The details of this plot get quite intricate and a bit tedious to follow: each step towards the big ‘reveal’ took (I thought) an unnecessarily long time. One of the reasons for that is what seemed like digressions, though by the end of the novel some of them had been woven into the main case. There’s a subplot about Irene’s daughter Jenny flirting with neo-Nazism, for example, which leads to a fair amount of talk among the characters about young people today and their sense of disconnection from society as well as their distance from the history that is still so present for their elders. One of the more intense episodes involves one of Irene’s colleagues staging an intervention for Jenny in which he reveals that his own mother was conceived during the gang rape of a young Jewish girl, who died giving birth to her. Jenny, who has been raising questions about the reality of the Holocaust, is shaken up by this and by other confrontations with the real implications and horrific consequences of the anti-Semitism she had been brushing off as trivial in the song lyrics favored by her new skinhead pals.

hussThe novel’s central murder plot does not ultimately have anything to do with anti-Semitism or neo-Nazis, but it does have a lot to do with the “seamy underworld” mentioned in the précis. Even the most polished and privileged characters turn out to be at most one or two degrees of separation away from drug dealers, Hell’s Angels enforcers, or (as scary, if less socially contextualized) narcissistic sociopaths. Like the Beck books, that is, and like Henning Mankell’s novels, Detective Inspector Huss shows a pretty unflattering version of Sweden–though it’s no uglier than, say, Ian Rankin’s Edinburgh or Phonse Jessome’s Halifax. It’s in the nature of police procedurals to emphasize that the city familiar to the ordinary law-abiding citizens and tourists coexists with the grittier and more dangerous one the cops know. Tursten’s Göteborg has just that dual quality.

One thing Tursten’s novel does really well is show what it’s like for Detective Inspector Huss to cross back and forth between these worlds, doing her best to keep up with the needs of her family when she’s at home while maintaining the toughness she needs to take risks and act assertively or even violently at work. Though the style of the book made it hard for me to bring her quite into focus, Irene Huss herself is an intriguing character. She isn’t presented as a “strong female character” in the way that popular culture here would typically do that–which is too often some version of “she’s not like those other girly-girls”. Irene, in contrast, is quite multi-dimensional.
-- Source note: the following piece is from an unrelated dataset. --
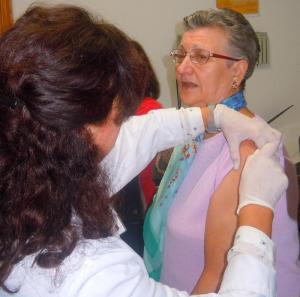 Vacunación en un centro de salud de Granada.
Compared to a lot of male cops in this genre–maybe most of them?–she has a pretty good work-life balance and relatively healthy personal relationships. She does struggle sometimes with her family life, especially because of her long hours and the emotional toll her work takes, but she also shows and experiences tenderness. On the job, she is tenacious and professional, mostly managing to keep the stress or irritation she feels to herself. She is brave, even occasionally heroic: at one point she grabs a hand grenade that has been thrown through a window into a shed where she and a colleague are captive and hurls it out again just in time to save them from the explosion; at another point she crashes a patio umbrella through a window to disrupt an ongoing attack and a shard from the glass ends up killing one of the bad guys. Afterwards, however, she feels shock and grief: she is not hardened or numb.  Probably the most idiosyncratic thing about her is that she is a judo expert; her training is a source of personal strength and mental balance.

huss-tvSomething Tursten draws particular attention to is sexism in the police force. Irene herself is aware of and angry about it, but in this book at least she mostly chooses not to confront it directly. In contrast, her colleague Birgitta–who is assaulted by a witness she’s interviewing and then informs their boss Superintendent Andersson that she has also been experiencing ongoing harassment from another officer–has eventually had enough. First, when Superintendent Andersson asks if the witness has annoyed her “in some way,”

She exploded completely. With tears gushing from her eyes, she screamed, “Annoy! He shoved me up against the wall, grabbed my crotch, and bit me on the breast! I think I’m going to report him!”

Andersson hasn’t even had time to respond when “Jonny’s irritating voice was heard from the doorway . . . ‘You probably showed him what you had to offer, eh?'” Quite understandably at the end of her rope, Birgitta “shot across the room like an arrow” and drives her knee into Jonny’s crotch. “Personal best!” she exclaims; “Two guys with blue balls in less than half an hour!”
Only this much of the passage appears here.